Dari hasil assessment dan pendampingan dari beberapa masyarakat ditemukan bahwa salah tantangan anatra pemerintah dan komunitas maupun NGO yang berproses di wilayah perkotaan adalah belum adanya wadah komunikasi yang menjembatani antara tiga pilar tersebut. Sehingga beberapa pihak maupun pemangku kepentingan setiap tahunnya melakukan pendataan namun tidak ada kolaborasi yang saling menyatukan data dan mengembalikan data sesuai dengan kebutuhan masyarakat. Tim Urban SATUNAMA menginisiasikan untuk diadakannya Sistem Informasi Sungai dan Perkotaan (SISP) yang menjadi kiblat data dan informasi di daerah Perkotaan khususnya didaerah yang dilewati sungai Winongo. Data yang dibutuhkan sesuai dengan focus penguatan yaitu, pengelolaan risiko bencana, tata kelola data, tata kelola pemukiman, dan pemanfaatan laha dan sungai.

Koordinasi Dengan OPD dan Pemangku Kepentingan Untuk Bersinergi Menjawab Tantangan

IMG_4898

Zakaria, Fasilitator FGD mempresentasikan damy SISP dan Praktik baik SISP kota Solo serta kebutuhan yang mendasari pembuatan SISP. Foto diambil pada tanggal 27 Februari 2018.

SATUNAMA telah melakukan koordinasi dan bekerjasama dengan OPD dan Perangkat Kelurahan terkait keterlibatan masyarakat dalam perencanaan anggaran kelurahan dalam Musrembang Kel dan tata kelola data yang digunakan dalam perencanaan pembangunan. Berlandaskan PERWAL NO 11 Tahun 2016 terkait Penuntasan Kemiskinanan berdasarkan Sistem Informasi.  
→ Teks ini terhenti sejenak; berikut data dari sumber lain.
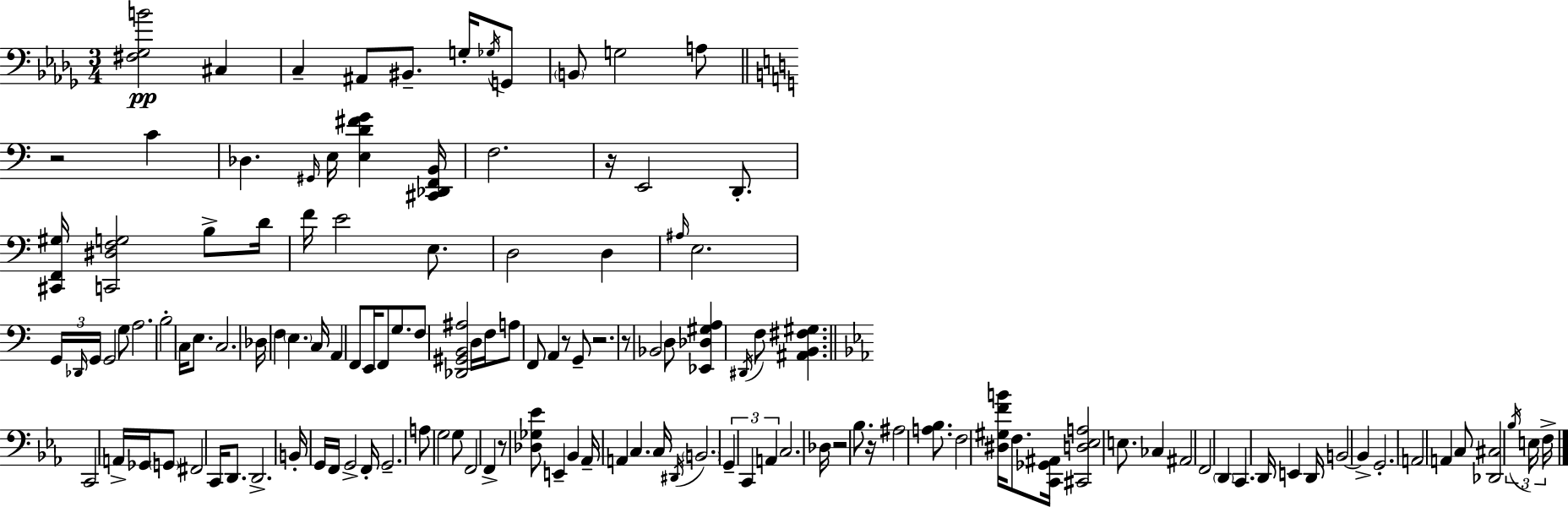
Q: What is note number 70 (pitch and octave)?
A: G2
Setiap warga kampung mengenal wilayahnya dengan baik, kemudian, bagaimana setiap orang, kelompok, dan wilayah saling mengenal potensi dan tantangan masing-masing, lalu bagaimana membangunnya menjadi pengetahuan bersama ditingkat Kelurahan hingga Kota, ini yang menjadi tantangan bersama. FGD Inisiasi Sistem Informasi dengan OrganisasiPerangkat Daerah dan Kelurahan ini telah dilaksanakan pada hari Selasa, 27 Februari 2018 di Kelas Besar, Balai Latihan SATUNAMA Yogyakarta. Pengetahuan setiap orang dan komunitas dimasing-masing wilayah sangat penting untuk didalami dan didokumentasikan dengan baik secara terus-menerus. Keperluannya adalah, pengetahuan tersebut sangat dibutuhkan dalam proses perencanaan dan penganggaran pembangunan, agar pembangunan dapat berjalan dengan menempatkan semua pihak pada posisi setara.
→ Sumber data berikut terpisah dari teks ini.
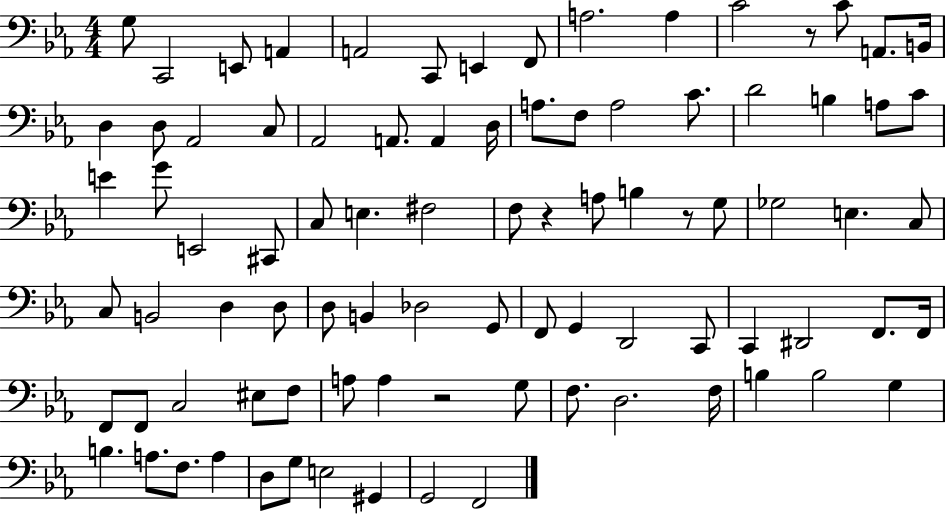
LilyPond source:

{
  \clef bass
  \numericTimeSignature
  \time 4/4
  \key ees \major
  g8 c,2 e,8 a,4 | a,2 c,8 e,4 f,8 | a2. a4 | c'2 r8 c'8 a,8. b,16 | \break d4 d8 aes,2 c8 | aes,2 a,8. a,4 d16 | a8. f8 a2 c'8. | d'2 b4 a8 c'8 | \break e'4 g'8 e,2 cis,8 | c8 e4. fis2 | f8 r4 a8 b4 r8 g8 | ges2 e4. c8 | \break c8 b,2 d4 d8 | d8 b,4 des2 g,8 | f,8 g,4 d,2 c,8 | c,4 dis,2 f,8. f,16 | \break f,8 f,8 c2 eis8 f8 | a8 a4 r2 g8 | f8. d2. f16 | b4 b2 g4 | \break b4. a8. f8. a4 | d8 g8 e2 gis,4 | g,2 f,2 | \bar "|."
}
Ketika masyarakat sudah baik dalam mengenal potensi dan tantangan masarakat juga terdokumentasikan secara baik pula sehingga menjadi pengetahuan bersama, maka tantangannya adalah bagaimana membangun saluran informasi dan komunikasi agar pengetahuan itu menjadi asupan bagi proses pengambilan keputusan, termasuk soal perencanaan dan penganggaran pembangunan di Kota Yogyakarta.
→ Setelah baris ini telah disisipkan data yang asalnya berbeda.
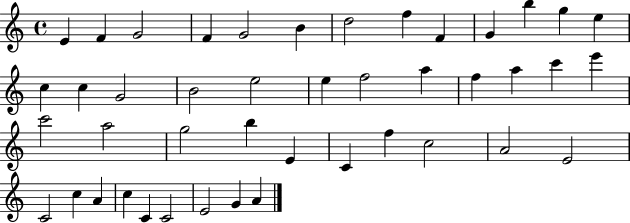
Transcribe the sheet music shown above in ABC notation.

X:1
T:Untitled
M:4/4
L:1/4
K:C
E F G2 F G2 B d2 f F G b g e c c G2 B2 e2 e f2 a f a c' e' c'2 a2 g2 b E C f c2 A2 E2 C2 c A c C C2 E2 G A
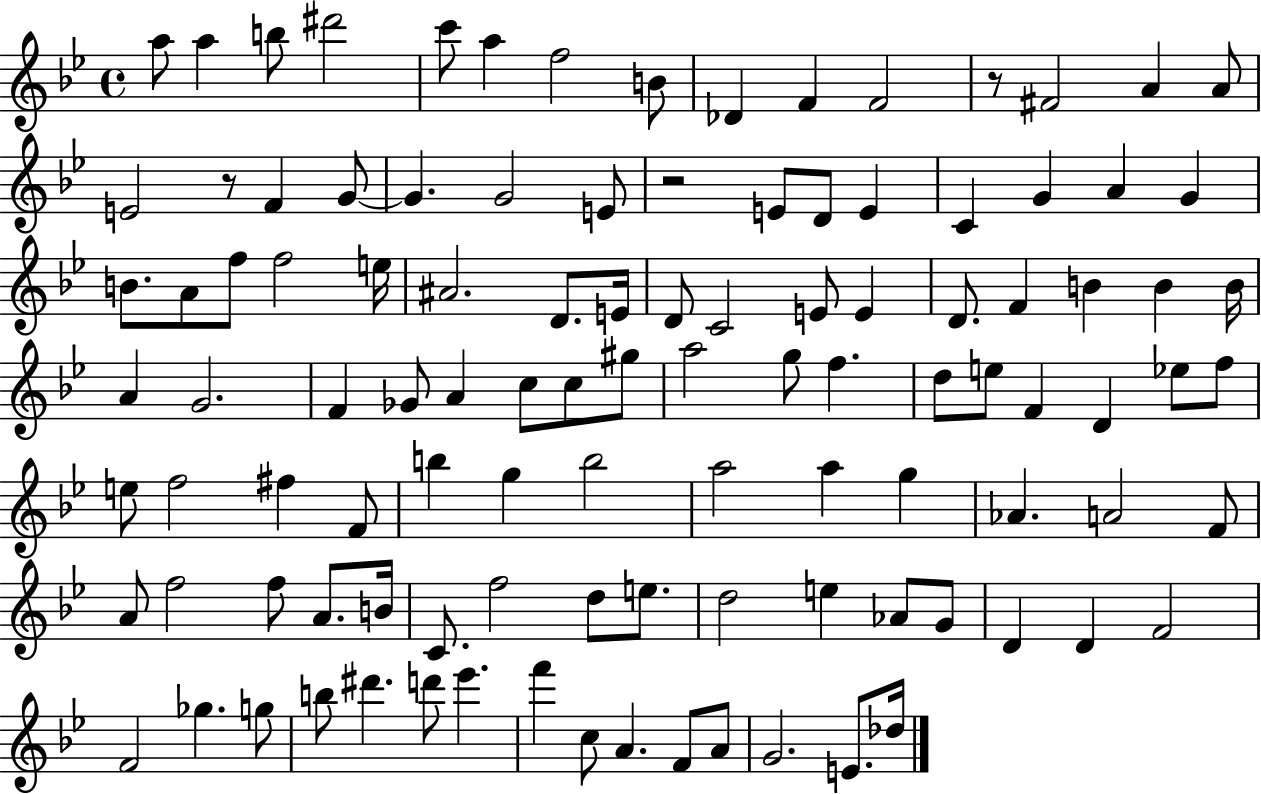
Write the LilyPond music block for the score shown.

{
  \clef treble
  \time 4/4
  \defaultTimeSignature
  \key bes \major
  a''8 a''4 b''8 dis'''2 | c'''8 a''4 f''2 b'8 | des'4 f'4 f'2 | r8 fis'2 a'4 a'8 | \break e'2 r8 f'4 g'8~~ | g'4. g'2 e'8 | r2 e'8 d'8 e'4 | c'4 g'4 a'4 g'4 | \break b'8. a'8 f''8 f''2 e''16 | ais'2. d'8. e'16 | d'8 c'2 e'8 e'4 | d'8. f'4 b'4 b'4 b'16 | \break a'4 g'2. | f'4 ges'8 a'4 c''8 c''8 gis''8 | a''2 g''8 f''4. | d''8 e''8 f'4 d'4 ees''8 f''8 | \break e''8 f''2 fis''4 f'8 | b''4 g''4 b''2 | a''2 a''4 g''4 | aes'4. a'2 f'8 | \break a'8 f''2 f''8 a'8. b'16 | c'8. f''2 d''8 e''8. | d''2 e''4 aes'8 g'8 | d'4 d'4 f'2 | \break f'2 ges''4. g''8 | b''8 dis'''4. d'''8 ees'''4. | f'''4 c''8 a'4. f'8 a'8 | g'2. e'8. des''16 | \break \bar "|."
}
SATUNAMA Mengndang OPD, Perwakilan dari 3 Perangkat Kelurahan, TKPK Kel  untuk melakukan FGD Inisiasi Sistem Informasi tujuannya adalah memetakan peluang dan tantangan para pemangku kepentingan dalam membangun sistem informasi pembangunan untuk menyusun agenda bersama dalam rangka penguatan partisipasi komunitas dalam proses perencanaan dan penganggaran pembangunan.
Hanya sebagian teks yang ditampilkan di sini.